When an e-commerce retailer makes a sale, they expect their logistics provider to deliver their product on-time and in perfect condition. But logistics is an imperfect system. Delays, product damages and lost products are not uncommon. Because there’s no one-size-fits-all solution for logistics, e-commerce businesses across sectors face diverse shipping obstacles. When shipping issues arise, it can create friction between an e-commerce business and consumers. Meanwhile, customer expectations keep rising, thanks largely to Amazon Prime and the power of two-day shipping.
Let’s look at a few unrealistic expectations e-commerce owners have about logistics.
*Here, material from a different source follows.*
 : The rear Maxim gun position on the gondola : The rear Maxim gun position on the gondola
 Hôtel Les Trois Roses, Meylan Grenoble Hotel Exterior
If tracking says a product should deliver in two days, we expect it to see it day after tomorrow. Sometimes though, shipping expectations are unrealistic because of everything else around us. Technology makes everything faster than ever, but shipping is never as immediate as we’d like it to be. E-commerce growth across business segments in 13 global markets has pushed up parcel volume by 48 percent. This means the USPS, FedEx and UPS are more overwhelmed than ever. Transit times that used to take two days, may now take three dues to the increased volume that carriers have to handle.
One of the biggest problems with small packages is the risk of damage in transit. Depending upon how far the product is going, it could end up going on and off multiple trucks and through multiple warehouses before it gets to its destination. As the package is moved between trucks and across conveyor belts, the risk of damage is much higher than other shipping methods. The human-error factor also plays into delivery issues as the package is shepherded through the process
Every E-Commerce Business Operates Like Amazon
Amazon Prime has changed online business forever. Customers now expect everything they order to be at their front door in two days or less. As a small e-retailer, trying to replicate Amazon’s practices isn’t realistic. Obviously, you want your customers to get their products as quickly as possible, but some things take more time if you don’t have Amazon’s capabilities.
For example, if you opened a furniture store online, you’d be hard-pressed to ship furniture around the country or around the world within a two-day window. Because of the size and awkward shapes of the product, you’d need a specialized type of transportation service. Full truckload shipping would likely be the best option for large products like furniture because you’d be paying for a semi-truck dedicated to your product and nothing else. Drivers are limited in the number of hours they can legally drive, but team drivers can alternate, so the truck is continually moving to hit tighter delivery windows. However, this adds considerable expense.
Last Mile Delivery
Again, thanks to Amazon’s fast shipping methods, last mile deliveries have become more important for e-stores as they try to keep their shipping quick and efficient. Last mile delivery is the movement of goods from a transportation hub to the final delivery destination, which is typically a personal residence. The focus of last mile logistics is to deliver items to the end user as fast as possible.
E-retailers may expect their logistics provider to comply with any and all requests, but some can end up being pretty far-fetched. Customers can ask the e-retailer to add delivery instructions to their orders to ensure smooth execution, which can be helpful, but can sometimes end up causing more issues. E-retailers need to draw the line somewhere when it comes to last mile delivery or they’re going to flood their customer service reps with unnecessary complaints about delivery. Setting expectations upfront removes the possibility of any friction throughout the shipping process between you and your customers.
Logistics can be a very fickle process that can make e-commerce retailers and customers happy or angry within the blink of an eye. Understanding how to reel in unrealistic expectations can help diffuse a stressful situation when a shipment doesn’t go exactly as planned.